## What you will do
There are pictures in the records below; leave them out and set down exactly the lines from the one holding "anthro breasts curvy_figure" through the one holding "CORSAIR 4000D RS".

-- Input data follows --

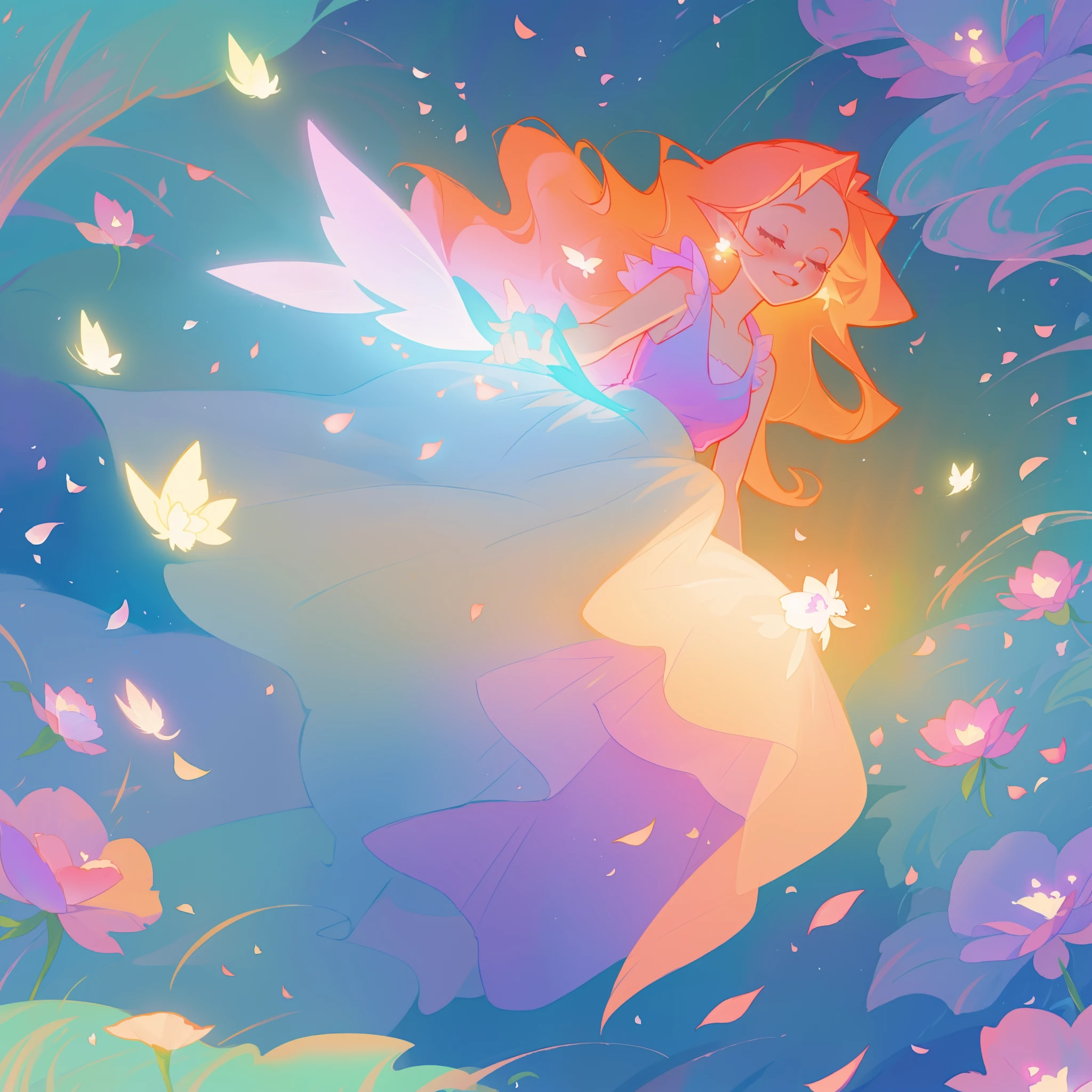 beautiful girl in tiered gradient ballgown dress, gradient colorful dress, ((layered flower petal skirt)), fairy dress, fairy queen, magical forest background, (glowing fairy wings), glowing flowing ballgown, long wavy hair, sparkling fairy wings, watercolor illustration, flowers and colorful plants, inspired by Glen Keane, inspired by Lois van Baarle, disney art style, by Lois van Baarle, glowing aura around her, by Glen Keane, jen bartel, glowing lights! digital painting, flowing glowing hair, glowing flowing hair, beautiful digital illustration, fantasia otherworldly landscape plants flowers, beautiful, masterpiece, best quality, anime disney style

-- Input data concluded --
-- Input data follows --

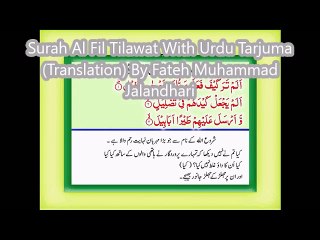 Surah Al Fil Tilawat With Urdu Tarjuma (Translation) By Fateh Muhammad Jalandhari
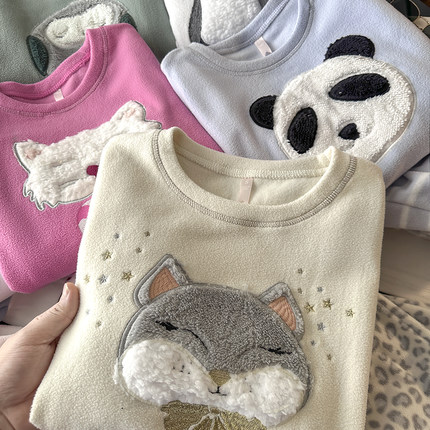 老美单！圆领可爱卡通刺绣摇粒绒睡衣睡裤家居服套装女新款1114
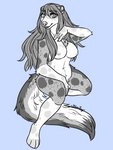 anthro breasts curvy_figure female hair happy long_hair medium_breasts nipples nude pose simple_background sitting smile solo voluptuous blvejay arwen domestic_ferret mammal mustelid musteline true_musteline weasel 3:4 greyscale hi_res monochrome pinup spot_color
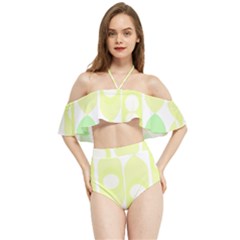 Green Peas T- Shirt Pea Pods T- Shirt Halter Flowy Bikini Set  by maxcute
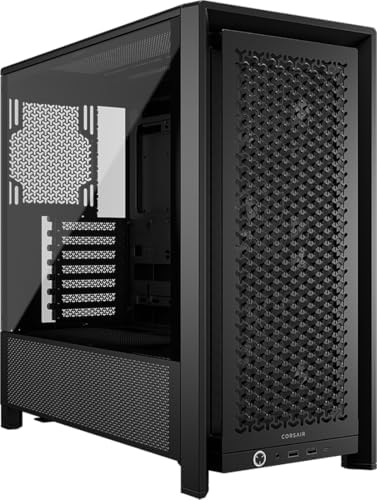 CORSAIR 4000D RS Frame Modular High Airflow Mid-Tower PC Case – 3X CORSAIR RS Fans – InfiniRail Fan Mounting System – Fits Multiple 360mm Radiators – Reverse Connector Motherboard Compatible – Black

-- Input data concluded --
-- Input data follows --

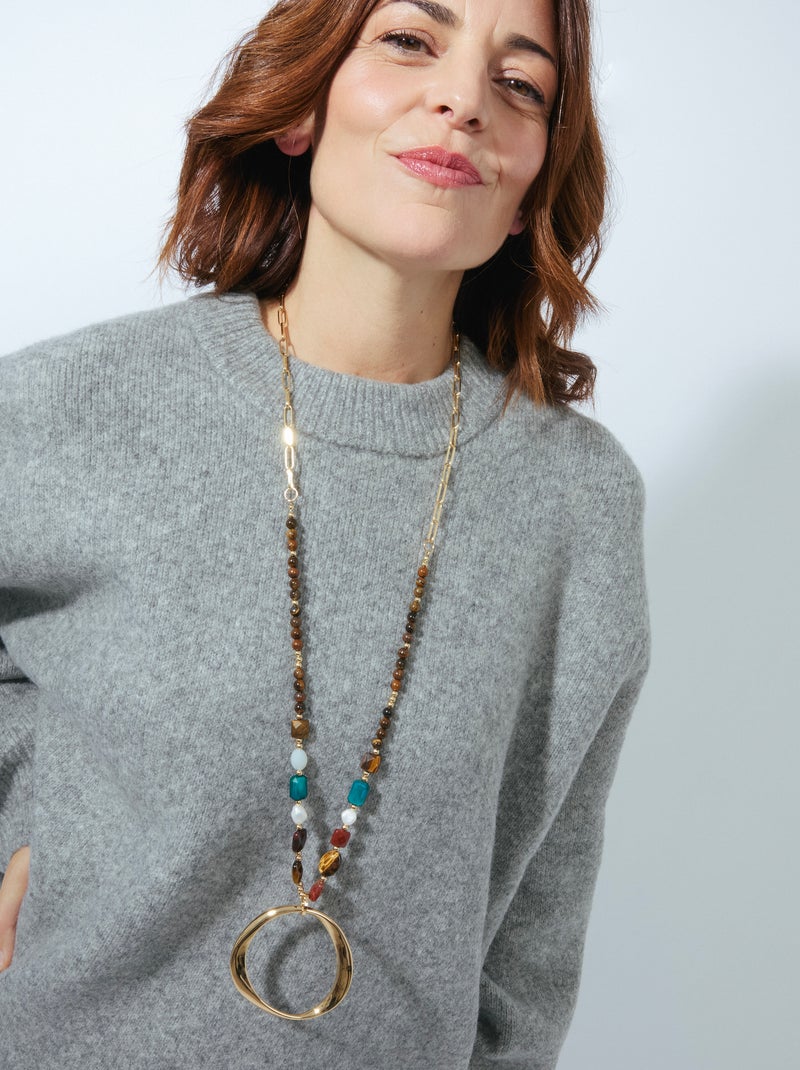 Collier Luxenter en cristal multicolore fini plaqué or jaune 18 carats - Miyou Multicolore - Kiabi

-- Input data concluded --

## Answer to this task
 anthro breasts curvy_figure female hair happy long_hair medium_breasts nipples nude pose simple_background sitting smile solo voluptuous blvejay arwen domestic_ferret mammal mustelid musteline true_musteline weasel 3:4 greyscale hi_res monochrome pinup spot_color
 Green Peas T- Shirt Pea Pods T- Shirt Halter Flowy Bikini Set  by maxcute
 CORSAIR 4000D RS Frame Modular High Airflow Mid-Tower PC Case – 3X CORSAIR RS Fans – InfiniRail Fan Mounting System – Fits Multiple 360mm Radiators – Reverse Connector Motherboard Compatible – Black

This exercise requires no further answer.